Still, with more knowledge on enclosure making and design, we can make better enclosure.


----------



## Drop11 (Jul 4, 2016)

captainscarlett said:


> Although I never owned a HO box, I have heard a few. I never went above the HG because the HO's never really _floated me boat._
> 
> https://www.youtube.com/watch?v=_z6BoD0skWY
> 
> The HG has great SQ, but no JL box i've heard hit anywhere near low enough for my tastes. Not a hater, just think one can do far more with your own design.


I agree with your sentiments about the ho box's. 
I'm running the 12 w3v3 system and from 60 to 40 hz it is beastly but below that is lackluster and higher is almost nonexistent.

I bought it so I could have bass now while I figure out the install but it's terrible for sq.


----------



## captainscarlett (Mar 15, 2011)

Anyways ... Doug did a HO box years ago 

https://www.youtube.com/watch?v=H-wM6zdJbF4


----------



## grinkeeper (Jun 26, 2015)

well I am open to a good custom box design for a pair of 12w6v2 , I just don’t know where to get a box design from. 

I would be interested in buying a cut list from someone. The vehicle is a toyota rav4 2010 and I want them rear firing of course.


----------



## robhaynes (Jul 20, 2015)

grinkeeper said:


> well I am open to a good custom box design for a pair of 12w6v2 , I just don’t know where to get a box design from.
> 
> I would be interested in buying a cut list from someone. The vehicle is a toyota rav4 2010 and I want them rear firing of course.
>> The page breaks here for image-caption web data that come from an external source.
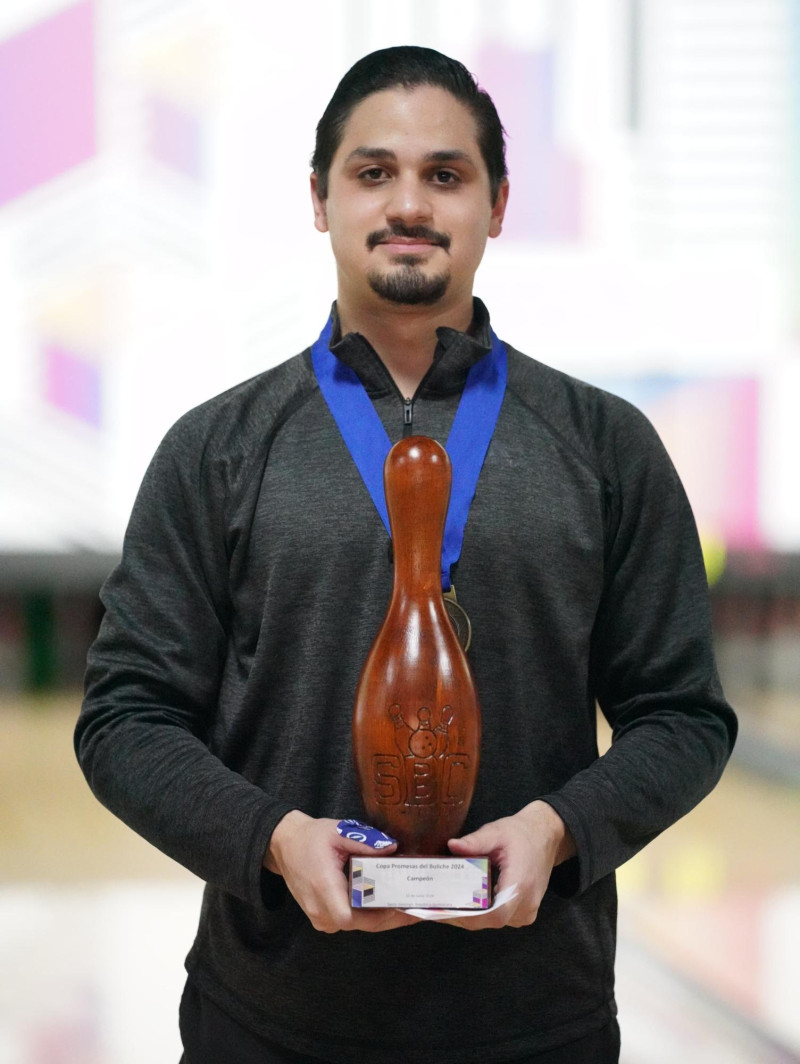 Sebastián Carvajal fue la sensación al conquistar la copa.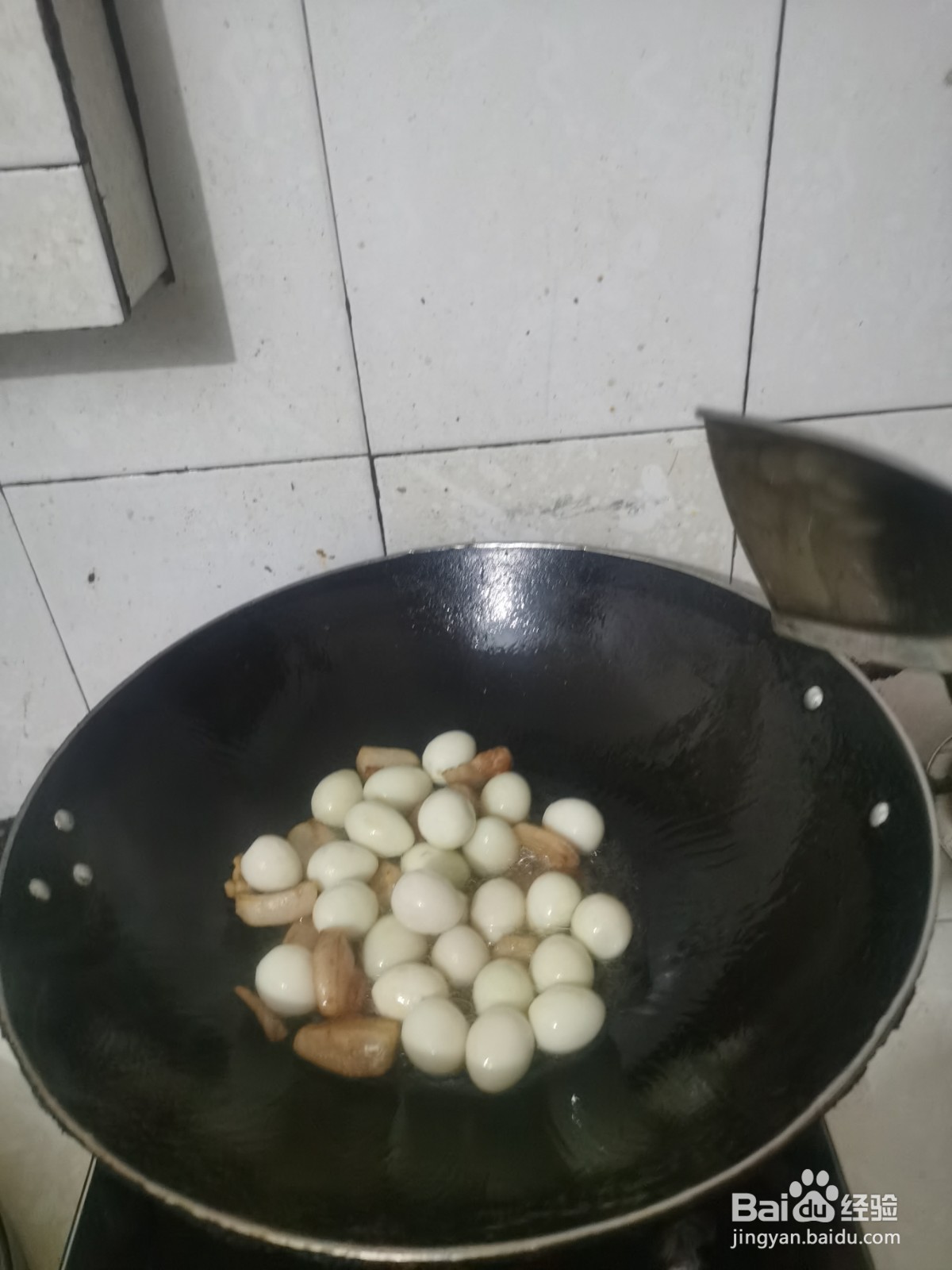 鹌鹑蛋如何炒猪肉韭黄？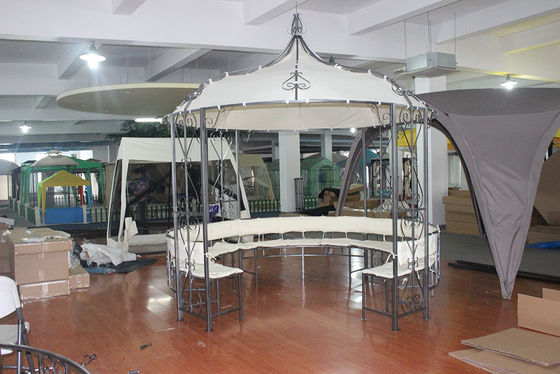 Quadro de aço 3 * 2.9M Padrão de trabalho aberto Spire Gazebo para jardim Alta energia personalizável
Contact our tech support team, give them your working dimensions, goals (tuning preference, etc.) and they will design you one for free. 

[email protected]


----------



## grinkeeper (Jun 26, 2015)

THANKS ROB!

I have sent out a request for help with box design...

Your help was useful..


----------



## eddie7978 (Feb 14, 2014)

does anyone know the tuning frequency of the 12 h o box


----------



## DC/Hertz (Nov 27, 2011)

I was told 40hz. That's why they have weak low end and a big spike in output on the top end. Which is typical for a prefab.


----------



## eddie7978 (Feb 14, 2014)

for the 12 h o box where can i put the infrasonic sub sonic filter


----------



## DC/Hertz (Nov 27, 2011)

Start at 35hz and play with it.


----------



## eddie7978 (Feb 14, 2014)

when you go lower it will play lower?


----------



## DC/Hertz (Nov 27, 2011)

It will play as low as it can. There will be a point the cone loses its linear throw. It will start "flapping"


----------



## eddie7978 (Feb 14, 2014)

it has to do with the ported box frequency ?


----------



## eddie7978 (Feb 14, 2014)

i actually had it on 25 is that too low?


----------



## Chamendelavel (Dec 26, 2019)

captainscarlett said:


> Although I never owned a HO box, I have heard a few. I never went above the HG because the HO's never really _floated me boat._
> 
> 
> 
> ...


Jl is more expensive because they are tru sq speakers u quality is what u are paying for. There are more exspensive speakers out there that sound better then jl by far, but yes u can get louder for less money but u wont get the sound quality or quality of the speakers that jl offers. So it depends on what u want in a system do u want to be loud and screaming or do u want to sound good and actually hear the fidelity of ur music it's up to u but if u want sq ur gonna pay for it. I had 2 pioneer imppi that where 500 rms and ran a 1000 d us amp on it and after 1 one song I would park and wall around I would stumble and feel like my body went thru a high pressure test so they performed well but did not sound good on alot of music so performance wise the pioneer where way better then 12 w6v3 and there 600 watts each but this is because there built in smaller boxes and are built for sq .


----------



## Chamendelavel (Dec 26, 2019)

I would to also add that ho boxes are bigger then jls actual specs for non ho boxes so keep this in mind they can actually be in bigger then jl specs by far the 13w7ae anniversary sub is only a tad bit bigger then 12 w6v3 boxes but the ho boxes are huge so I think there is deafantly something here we need to look at for these boxes.


----------



## F150Man (Apr 14, 2017)

DDFusionV2 said:


> I actully like most of JLs products. But they are a mainstream brand which appeal to the mainstream buyers.
> 
> I guess you have built multiple boxes for these woofers?
> No, I'm guessing this is all you have ever used


Dang it ! Why couldn't you just read the entire post ?


----------